En otro contexto, Kirchner prepara una estafa parecida. Como ya hemos señalado muchas veces en estas páginas, el perfil estructural de la Argentina de los próximos años, en lo que depende de la clase capitalista argentina y el gobierno, está claramente definido. Se trata de un país socialmente partido, con la mitad de la población sumida en la pobreza y un desempleo real con un piso del 20%. Un país en el que determinadas regiones y sectores sociales, aquellas vinculadas al mercado mundial, pueden llegar a disfrutar de las maravillas de la globalización, mientras que al resto, la mayoría, le espera un mercado laboral precarizado y con salarios promedio por debajo de la línea de pobreza. En cuanto a desocupados e indigentes, estarán a cargo de la asistencia social de un Estado comprometido con el ajuste permanente en beneficio de nuevos y mayores pagos del servicio de deuda tras la salida del default.

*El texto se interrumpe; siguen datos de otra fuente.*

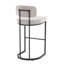 Tabouret de bar à hauteur fixe en métal noir et tissu gris clair - ensemble de 2-266201409-266201410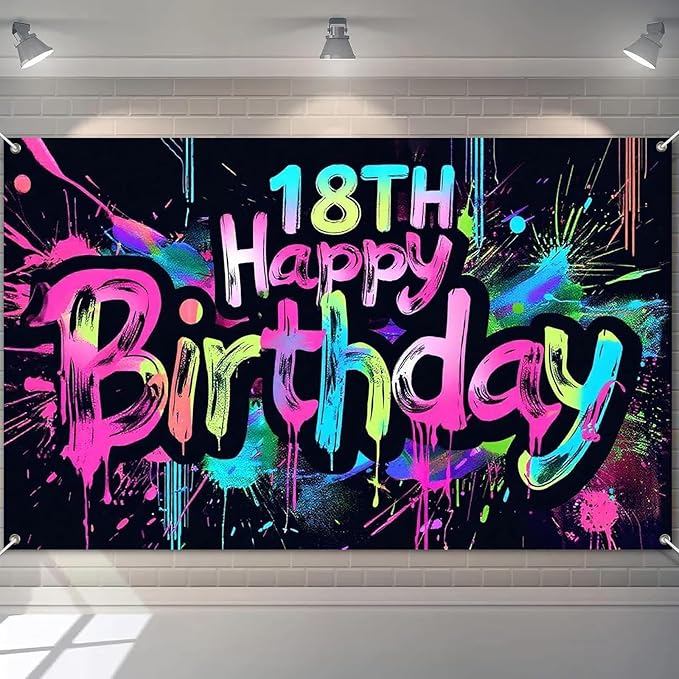 Neon 18th Happy Birthday Banner 71x43 Inch Glow in The Dark Party Backdrop Colorful Wall Decor for Adults Boys Girls Eighteenth Birthday Celebrations Photo Booth Props Event Supplies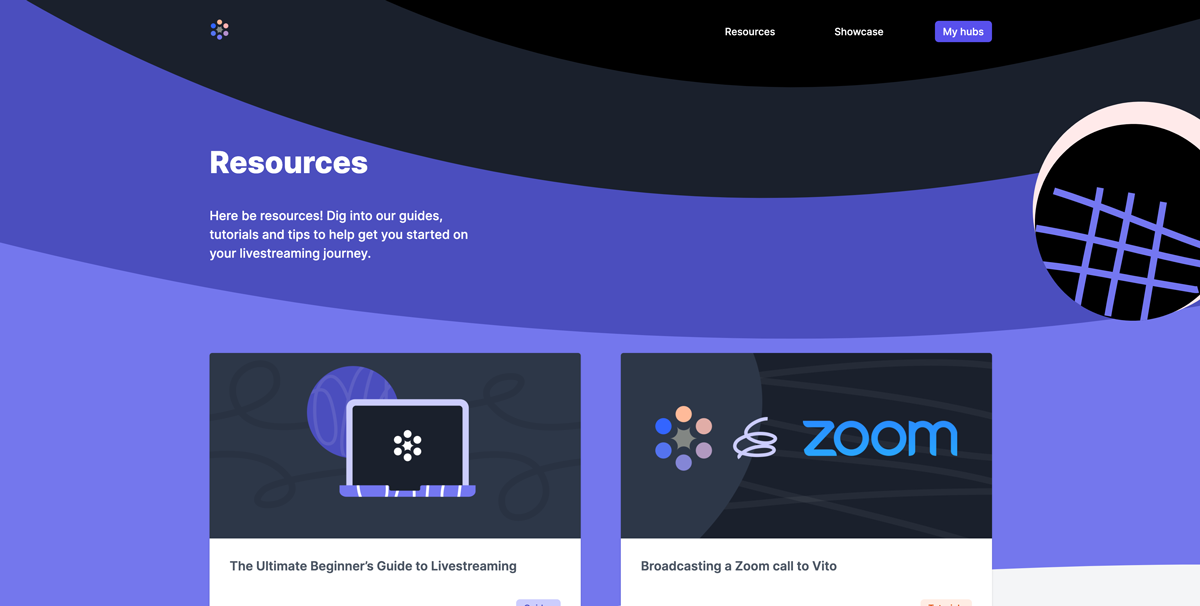Screenshot of resources page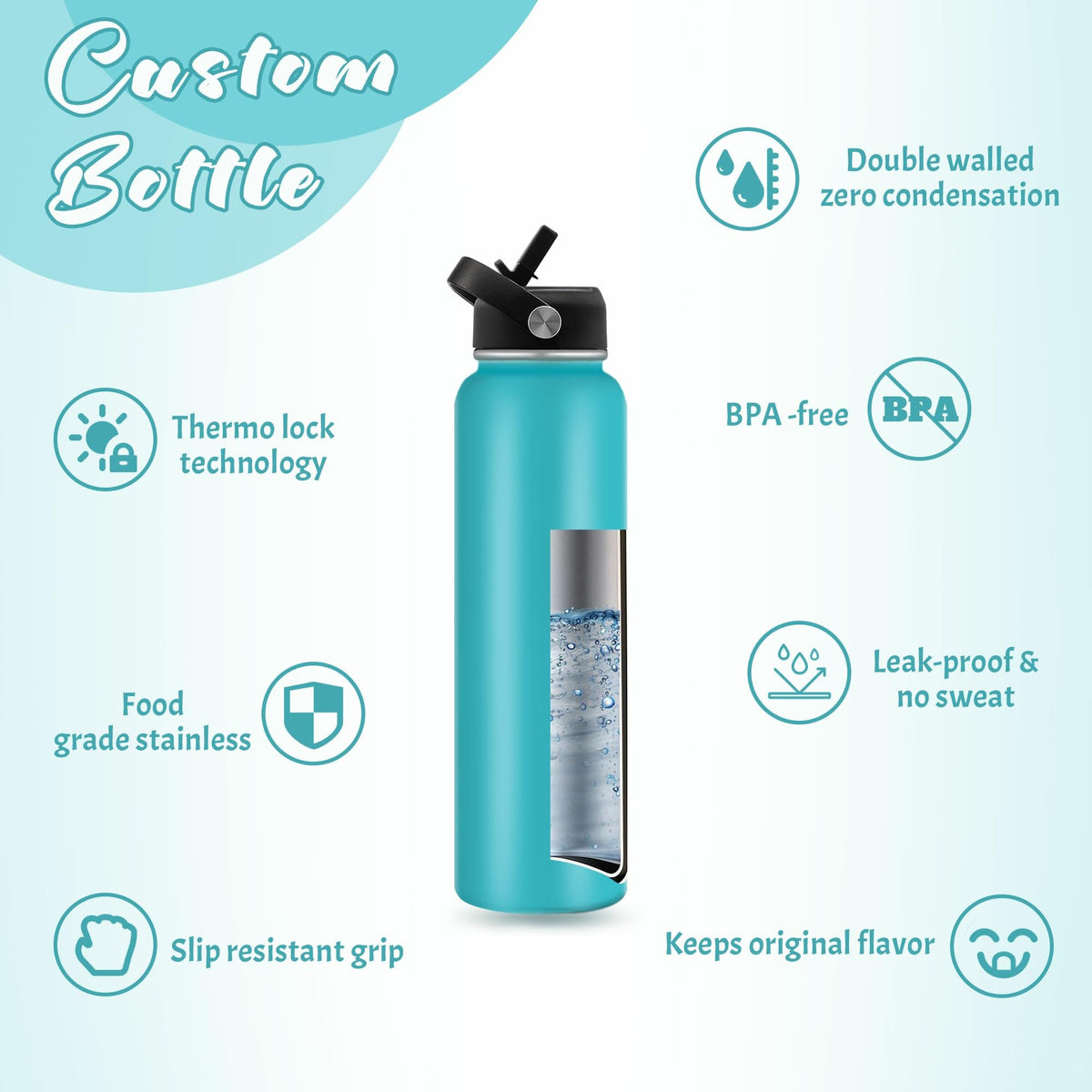 Personalized Water Bottles for School Custom Thermos Water Bottle for Kids with Straw Stainless Steel Tumbler for Girls Boys Back to School Gift Cup for Kids Women Men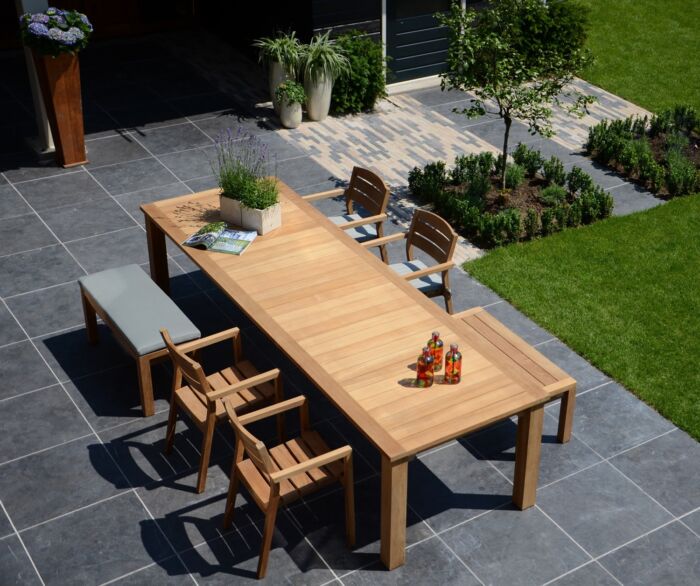 Traditional Teak MAXIMA rugloze bank 180 cm - Afbeelding 2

Por una cierta combinación de circunstancias –coyuntura financiera mundial, precios de commodities, el interés del imperialismo en no promover una nueva catástrofe político social como la de diciembre de 2001, el reacomodamiento entre los distintos sectores de la burguesía–, Kirchner goza de una relativa estabilidad política y económica. Probablemente estas condiciones continúen a lo largo de 2005 y le permitan anotarse un éxito electoral. Incluso no es totalmente descartable que logre mantener este equilibrio precario por algún tiempo más. Lo que está fuera de cuestión es que el “proyecto Kirchner” –si es que realmente merece ese nombre– signifique un intento de cambio sustancial en el funcionamiento del capitalismo argentino, de su estructura social y de su ubicación en el sistema mundial de estados y la mundialización. El largo plazo de este gobierno es el 2007. Pero está dando pasos, tales como la renegociación de la deuda, que comprometerán los ingresos y los gastos estatales por décadas. El nivel de ajuste comprometido por la propuesta de salida del default es inédito y demuestra que, lejos de ser un “estatista”, Kirchner está condenando a la próxima generación a vivir bajo una penuria social y fiscal permanente. Está en manos de los trabajadores, de sus organizaciones y de su lucha impedir que se consume una nueva trampa, ahora con disfraz “progresista”.